Nuttlar. Ungewöhnlicher Fall vor Gericht in Meschede: Vater aus Nuttlar angeklagt, Sohn sitzt wegen Drogenhandels, Richterin glaubt Polizist nicht.

Er wird in Fußfesseln vorgeführt: Der 31 Jahre alte Drogendealer aus Nuttlar sitzt gerade seine dreijährige Gefängnisstrafe ab. Vor dem Amtsgericht Meschede soll der Mann, der für einen aufsehenerregenden Fall an Drogenkriminalität in der Region verantwortlich ist, seinen Vater als Zeuge entlasten. Der Vater spricht vor Gericht von einem Kesseltreiben in Nuttlar gegen sich und seine Familie.

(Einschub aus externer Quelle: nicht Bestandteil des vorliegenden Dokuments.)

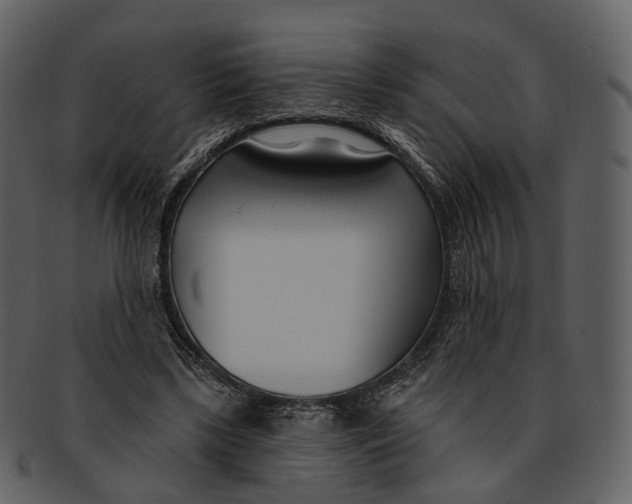 X0000093090443200710171141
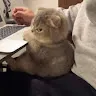 tinfoilhat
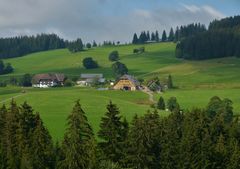 Irgendwo unterwegs im Schwarzwald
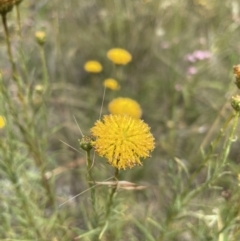 Rutidosis leptorhynchoides (Button Wrinklewort) at Jerrabomberra, NSW - 1 Jan 2023 by Mavis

Vater aus Nuttlar will seine Unschuld beweisen

Der 55 Jahre alte Kfz-Meister hat einem Strafbefehl widersprochen: Er will lieber in einem Strafprozess seine Unschuld beweisen, sagt er. Die Anklage ist eher ungewöhnlich vor Gericht: Das fahrlässige Zulassen des Fahrens ohne Fahrerlaubnis, so lautet der Vorwurf juristisch. Dahinter steckt: Der Vater soll als Halter geduldet haben, dass sein Sohn – der Dealer – sein Auto gefahren ist, obwohl er seit 2015 keinen Führerschein hat. Das wäre strafbar.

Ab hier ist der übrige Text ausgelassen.